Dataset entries
Content starts
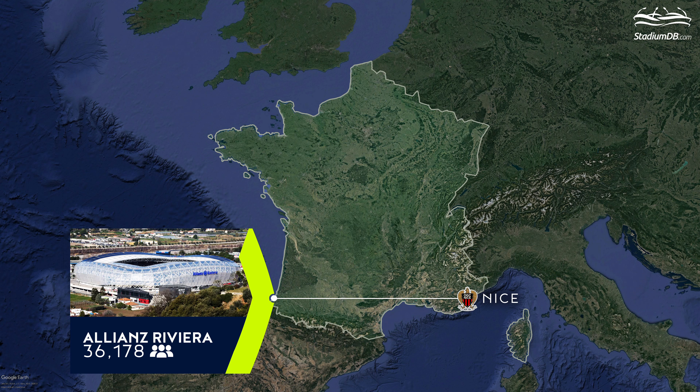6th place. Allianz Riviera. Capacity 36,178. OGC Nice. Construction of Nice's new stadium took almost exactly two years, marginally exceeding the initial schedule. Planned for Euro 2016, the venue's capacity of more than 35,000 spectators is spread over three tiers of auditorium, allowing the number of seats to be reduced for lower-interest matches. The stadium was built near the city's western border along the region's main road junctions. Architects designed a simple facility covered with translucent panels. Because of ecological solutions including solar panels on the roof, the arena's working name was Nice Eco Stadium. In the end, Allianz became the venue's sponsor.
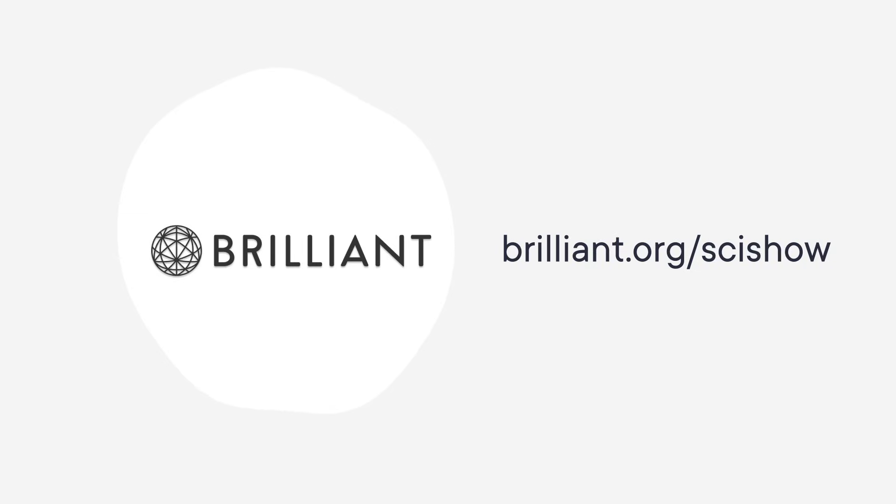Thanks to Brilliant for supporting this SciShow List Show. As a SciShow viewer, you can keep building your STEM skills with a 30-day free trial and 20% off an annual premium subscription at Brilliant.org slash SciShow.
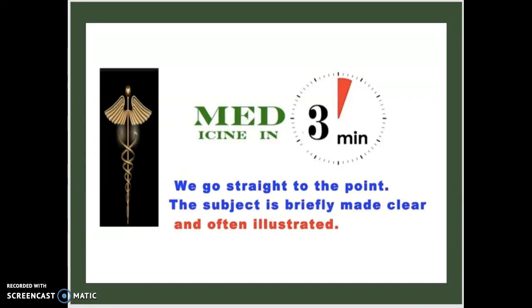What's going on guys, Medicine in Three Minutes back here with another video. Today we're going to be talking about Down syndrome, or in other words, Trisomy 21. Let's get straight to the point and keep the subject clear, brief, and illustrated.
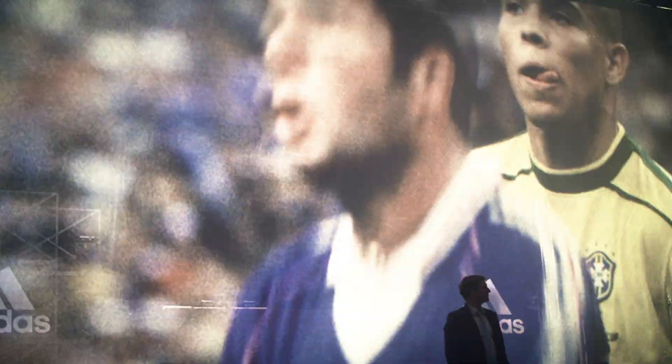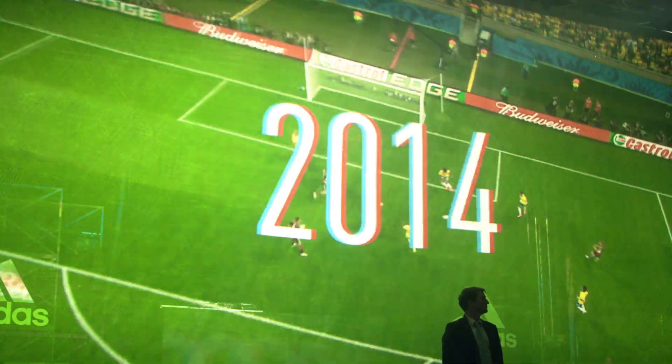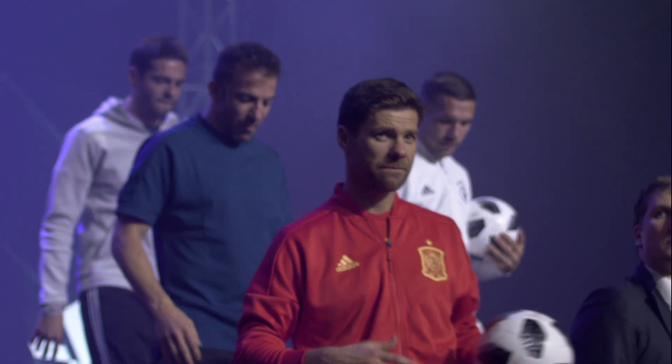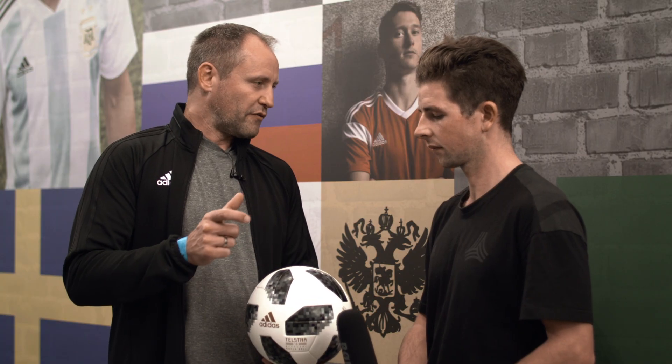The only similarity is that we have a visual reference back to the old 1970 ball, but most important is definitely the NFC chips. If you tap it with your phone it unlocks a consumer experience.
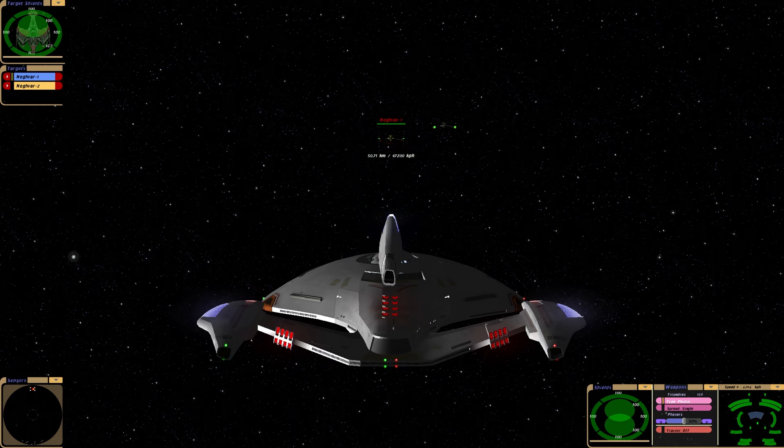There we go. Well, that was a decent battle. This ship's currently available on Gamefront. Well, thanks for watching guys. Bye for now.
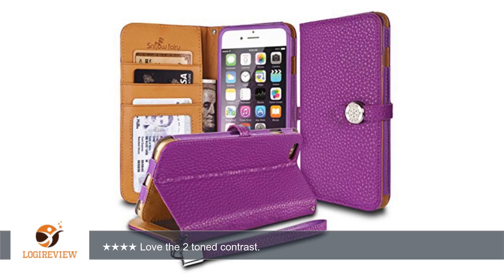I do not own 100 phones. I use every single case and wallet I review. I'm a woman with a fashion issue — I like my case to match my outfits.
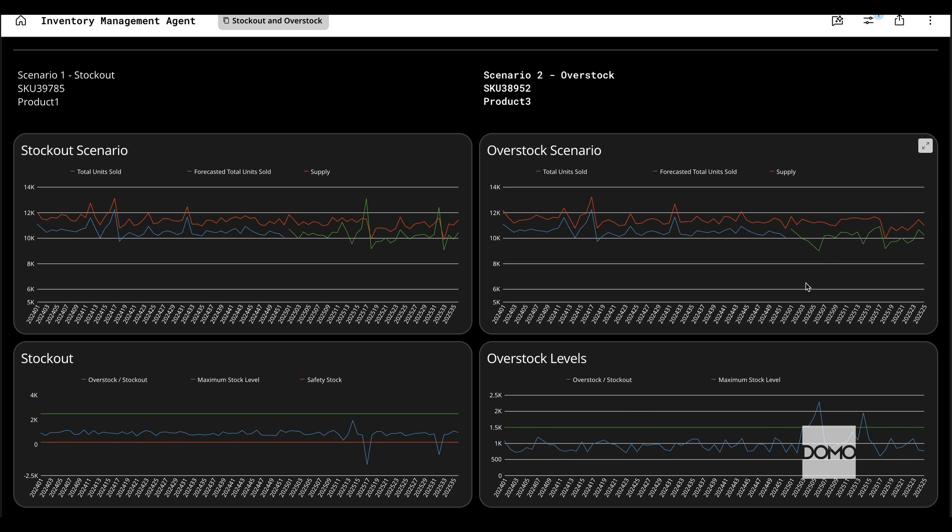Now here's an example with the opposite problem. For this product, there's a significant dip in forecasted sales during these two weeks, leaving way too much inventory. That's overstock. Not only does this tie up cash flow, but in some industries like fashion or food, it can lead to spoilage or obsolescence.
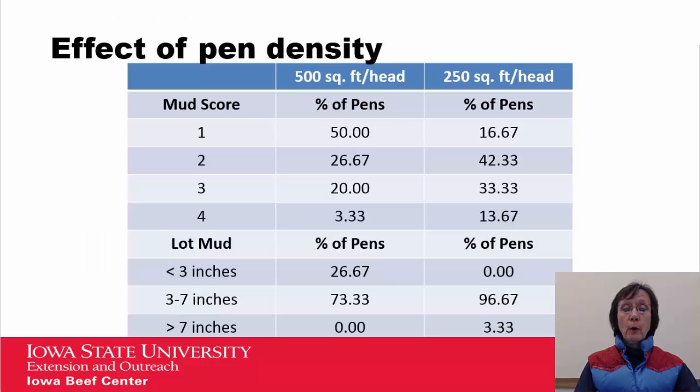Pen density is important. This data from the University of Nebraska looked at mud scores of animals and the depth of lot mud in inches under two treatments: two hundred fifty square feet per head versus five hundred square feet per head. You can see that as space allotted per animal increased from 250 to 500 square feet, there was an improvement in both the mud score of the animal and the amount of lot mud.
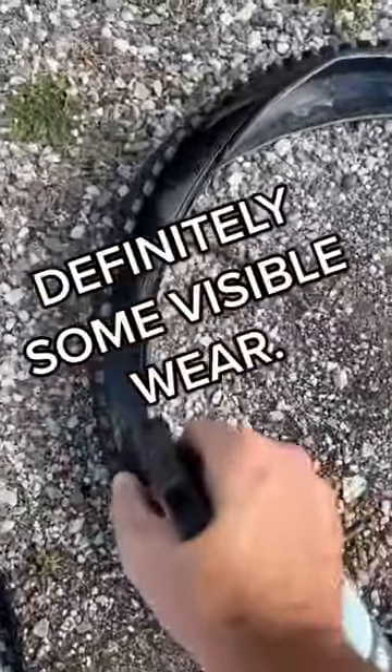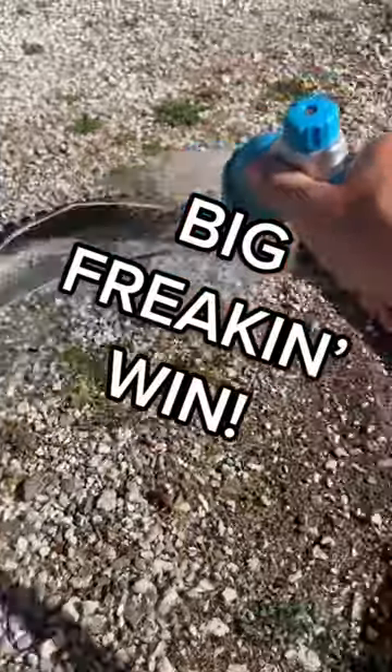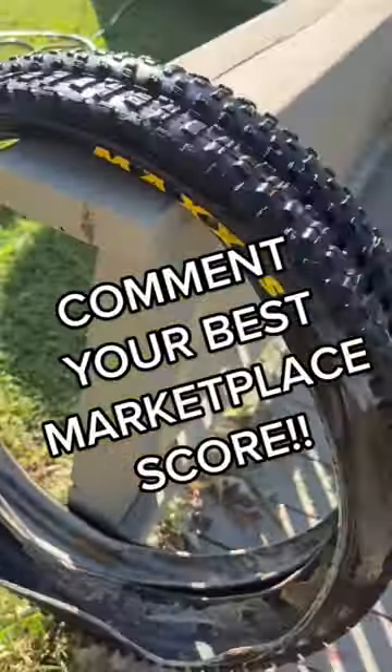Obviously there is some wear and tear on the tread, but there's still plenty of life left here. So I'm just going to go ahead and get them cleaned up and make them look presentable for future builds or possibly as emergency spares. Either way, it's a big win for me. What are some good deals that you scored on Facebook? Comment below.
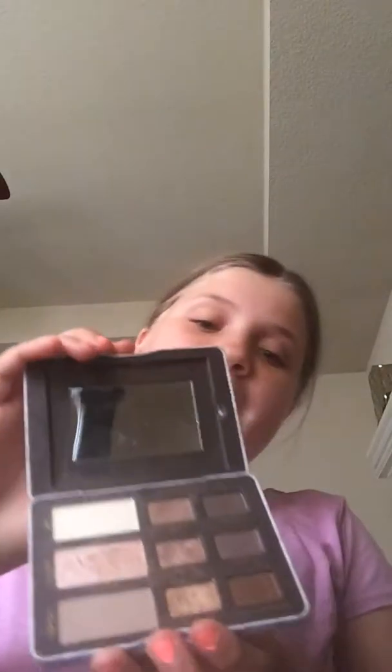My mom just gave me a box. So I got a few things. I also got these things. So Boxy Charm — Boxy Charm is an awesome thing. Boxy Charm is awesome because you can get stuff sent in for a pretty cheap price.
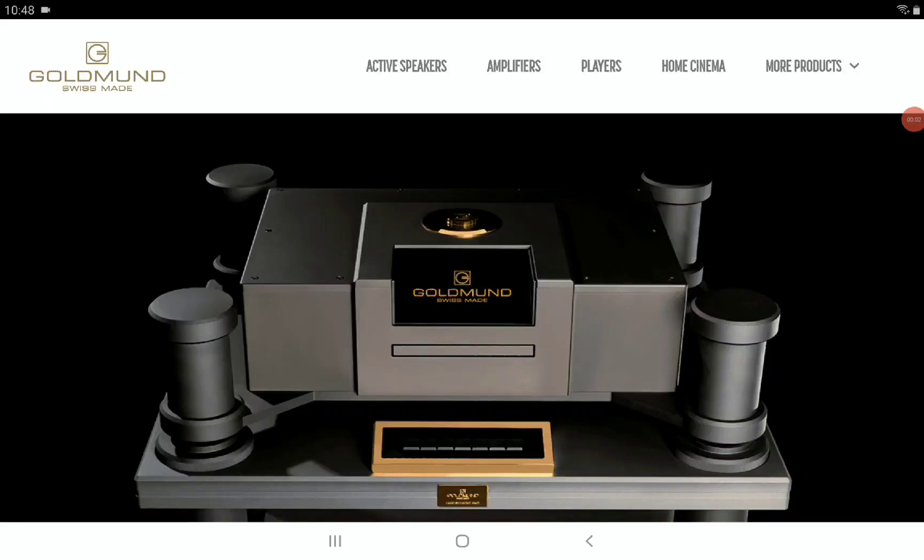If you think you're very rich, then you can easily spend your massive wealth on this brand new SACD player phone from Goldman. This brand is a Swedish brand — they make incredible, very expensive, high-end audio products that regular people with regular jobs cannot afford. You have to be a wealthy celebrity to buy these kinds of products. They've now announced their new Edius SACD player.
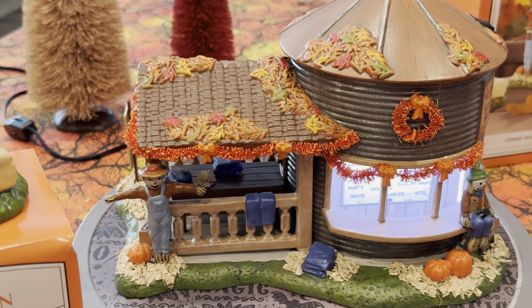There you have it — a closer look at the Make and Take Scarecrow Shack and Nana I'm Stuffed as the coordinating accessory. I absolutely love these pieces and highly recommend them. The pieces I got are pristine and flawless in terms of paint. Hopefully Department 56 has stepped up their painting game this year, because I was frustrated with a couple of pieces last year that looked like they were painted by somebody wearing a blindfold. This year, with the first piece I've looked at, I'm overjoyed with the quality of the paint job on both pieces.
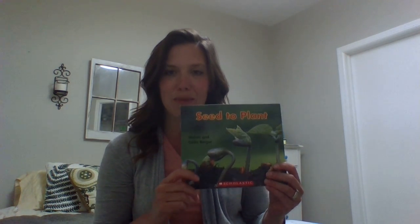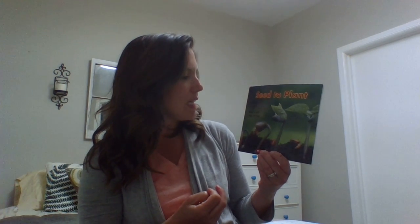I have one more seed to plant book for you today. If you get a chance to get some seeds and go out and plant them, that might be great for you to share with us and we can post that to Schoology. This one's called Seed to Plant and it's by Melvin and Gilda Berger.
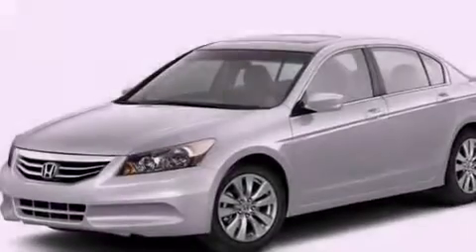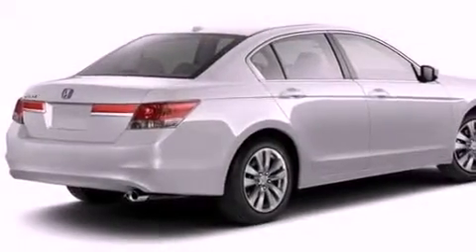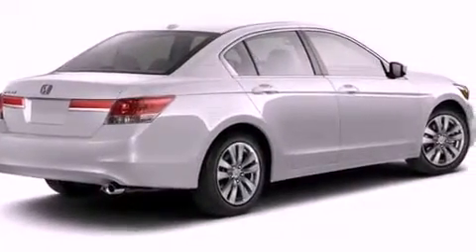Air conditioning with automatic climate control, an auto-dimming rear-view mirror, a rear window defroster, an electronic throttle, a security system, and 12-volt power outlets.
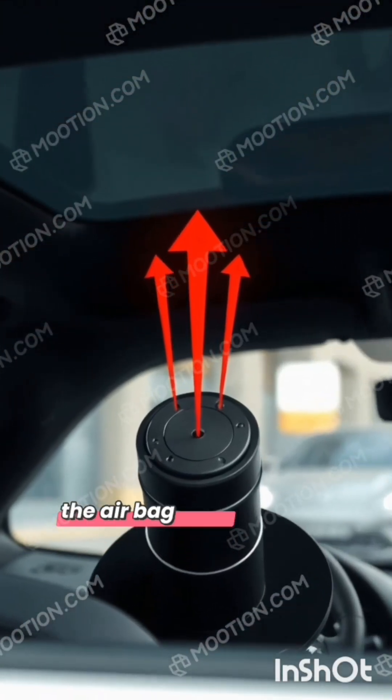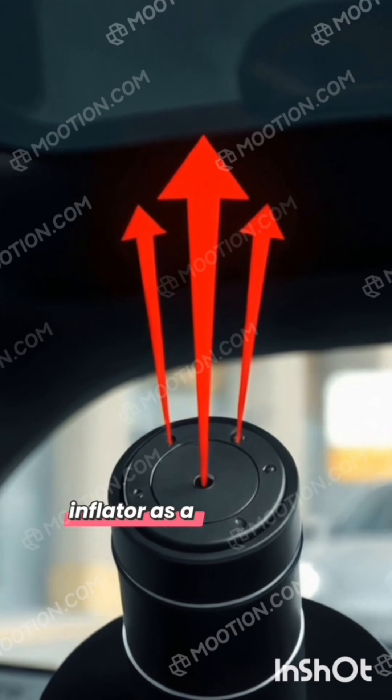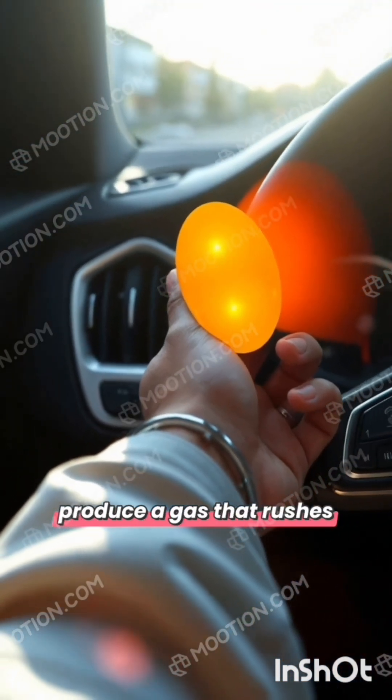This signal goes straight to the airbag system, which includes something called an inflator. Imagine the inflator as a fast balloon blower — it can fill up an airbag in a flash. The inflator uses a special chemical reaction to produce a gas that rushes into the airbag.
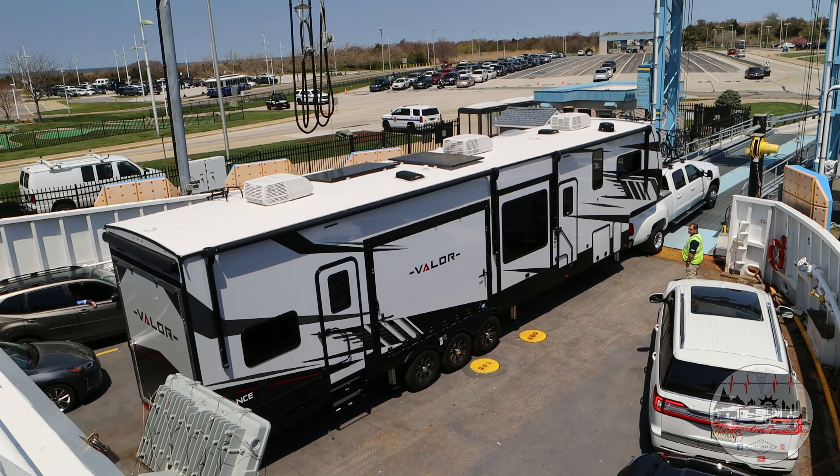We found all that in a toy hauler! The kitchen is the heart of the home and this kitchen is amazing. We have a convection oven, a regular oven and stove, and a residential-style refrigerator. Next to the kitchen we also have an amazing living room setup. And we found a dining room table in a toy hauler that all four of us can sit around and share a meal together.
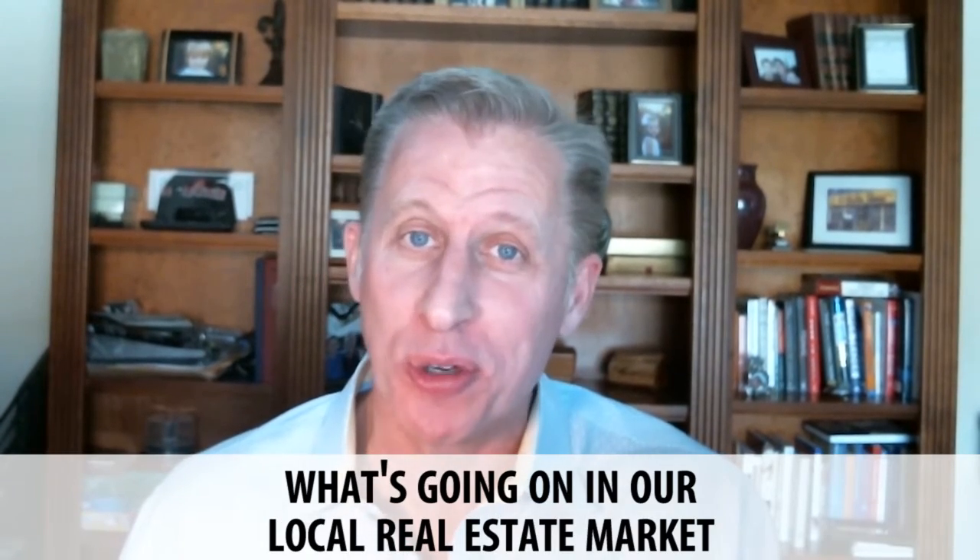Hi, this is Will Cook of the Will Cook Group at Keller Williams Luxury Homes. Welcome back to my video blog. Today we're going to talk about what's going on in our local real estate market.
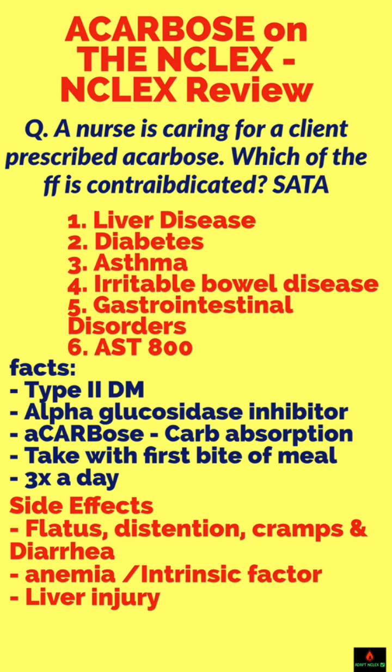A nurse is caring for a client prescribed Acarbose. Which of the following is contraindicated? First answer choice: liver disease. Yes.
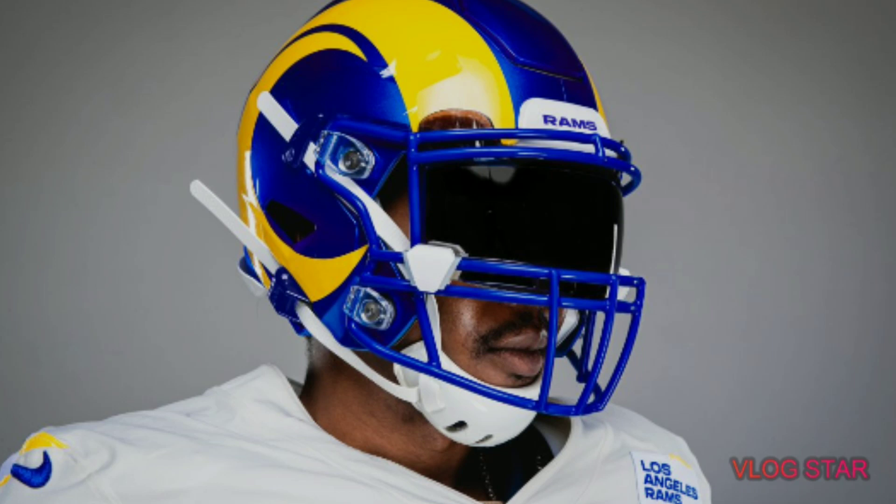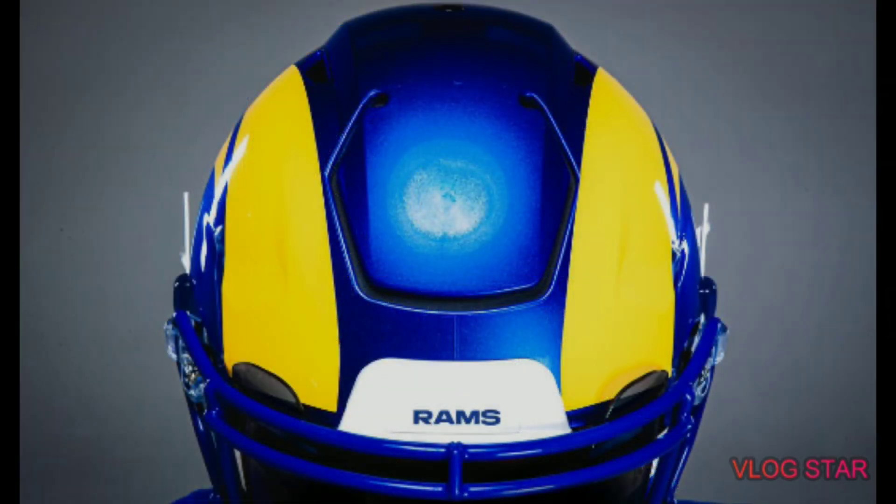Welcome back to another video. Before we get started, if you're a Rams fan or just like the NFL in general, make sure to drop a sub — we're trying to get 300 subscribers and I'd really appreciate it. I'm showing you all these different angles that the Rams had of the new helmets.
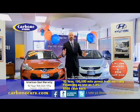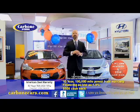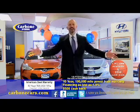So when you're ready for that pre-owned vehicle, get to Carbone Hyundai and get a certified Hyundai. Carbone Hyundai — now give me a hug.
Content ends
_Your task_
Above are the records; return the lines in them from the one with "The only similarity" to the one with "My mom just", inclusive, exactly and without images.

_Output below_
The only similarity is that we have a visual reference back to the old 1970 ball, but most important is definitely the NFC chips. If you tap it with your phone it unlocks a consumer experience.
There we go. Well, that was a decent battle. This ship's currently available on Gamefront. Well, thanks for watching guys. Bye for now.
I do not own 100 phones. I use every single case and wallet I review. I'm a woman with a fashion issue — I like my case to match my outfits.
Now here's an example with the opposite problem. For this product, there's a significant dip in forecasted sales during these two weeks, leaving way too much inventory. That's overstock. Not only does this tie up cash flow, but in some industries like fashion or food, it can lead to spoilage or obsolescence.
Pen density is important. This data from the University of Nebraska looked at mud scores of animals and the depth of lot mud in inches under two treatments: two hundred fifty square feet per head versus five hundred square feet per head. You can see that as space allotted per animal increased from 250 to 500 square feet, there was an improvement in both the mud score of the animal and the amount of lot mud.
Obviously there is some wear and tear on the tread, but there's still plenty of life left here. So I'm just going to go ahead and get them cleaned up and make them look presentable for future builds or possibly as emergency spares. Either way, it's a big win for me. What are some good deals that you scored on Facebook? Comment below.
My mom just gave me a box. So I got a few things. I also got these things. So Boxy Charm — Boxy Charm is an awesome thing. Boxy Charm is awesome because you can get stuff sent in for a pretty cheap price.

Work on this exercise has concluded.